5.      parkeervoorzieningen;

6.      tuinen, erven en terreinen;

7.      verhardingen;

8.      water;

9.      gebouwen;

10.   aanbouwen, uitbouwen, bijgebouwen en overkappingen;

11.   bruggen, dammen en duikers;

12.   overige bouwwerken.

 

Bouwvoorschriften

B.    Op deze gronden mogen ten dienste van de bestemming uitsluitend worden gebouwd:

1.      gebouwen, waaronder begrepen kassen, en daarbij behorende dienstwoningen met aan- en uitbouwen en bijgebouwen;

2.      bouwwerken.

 

C.    Voor het bouwen gelden de volgende bepalingen:

1.      op de plankaart is aangegeven tot welke oppervlakte het bouwvlak met gebouwen mag worden bebouwd; indien dit niet is aangegeven, mag het gehele bouwvlak wor­den be­bouwd;

2.      voor de voorgevelrooilijn mogen geen gebouwen worden gebouwd;

2.a. gebouwen mogen niet binnen een afstand van 3 m tot de zijerfscheiding worden ge­bouwd;

3.      overigens geldt het volgende:

 

 

max. aantal

max. opp.

max. goot­hoogte

max. bouw­hoogte

dakhelling

dienstwoning (inclusief aan- en uit­bouwen en bijgebou­wen)
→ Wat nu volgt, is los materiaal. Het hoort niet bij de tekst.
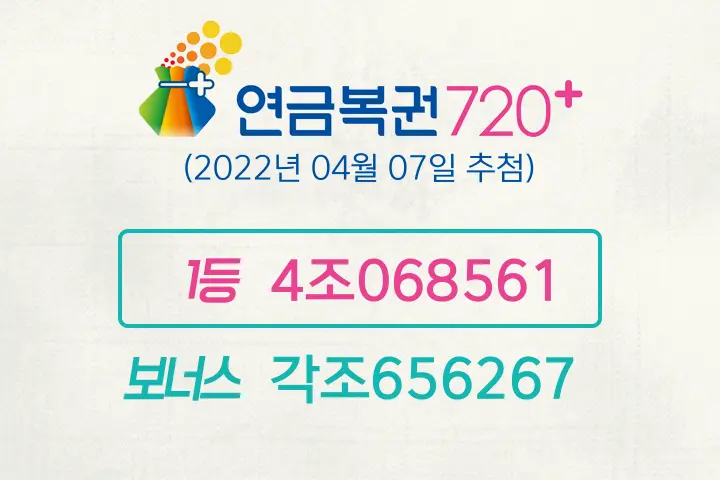 동행복권 연금복권720+ 101회(2022년 04월 07일 추첨) 1등 당첨번호 4조068561 보너스 각조656267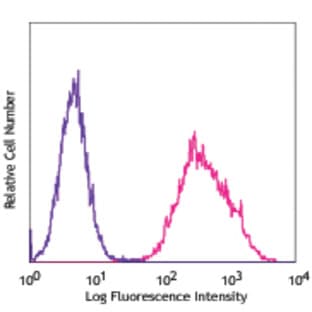 Biotin anti-human CD254 (TRANCE, RANKL) avatar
één, tenzij an­ders op de plankaart is aangegeven

250 m²

4,5 m

        12 m

20º-70º *

overige gebouwen en overkappingen

 

zie plan­kaart

4,5 m

        12 m

20º-70º *

erf- of terreinafscheidingen:

-     voor de voorgevelrooilijn

-     overige plaatsen

 

 

 

 

         1 m

         2 m

 

overige bouwwerken

 

 

 

          3 m

 

 

*     Indien ten tijde van tervisielegging van het plan een lagere hellingshoek aanwezig is, geldt deze hellingshoek; voor aan-, uit- en bijgebouwen is ook een dakhelling van 0º toegestaan.

 

Vrijstelling van de bouwvoorschriften

Afstanden zijerfscheidingen

C.1. Burgemeester en wethouders zijn bevoegd vrijstelling te verlenen van het bepaalde in lid C sub 2a teneinde de afstand van 3 m te verkleinen, met inachtneming van het volgende:

1.      indien over een lengte van meer dan 2,5 m in de zijerfscheiding wordt gebouwd, dient te worden gewaarborgd dat de op te richten bebouwing geen onnodig nadelige veran­derin­gen teweegbrengt in de bezonningssituatie op de aangrenzende erven of tuinen en in de lichttoetreding van het naastgelegen hoofdgebouw of van de naastgelegen kassen, tenzij:

a.   daardoor de gebruikswaarde van de te bebouwen gronden onevenredig worden ge­schaad;

b.   de goot- of boeibordhoogte van (delen van) gebouwen worden teruggebracht tot min­der dan 2,5 m.

 

Gebruiksvoorschriften

D.    Het is verboden de gronden en bouwwerken te gebruiken of te laten gebruiken, strijdig met de gegeven bestemming.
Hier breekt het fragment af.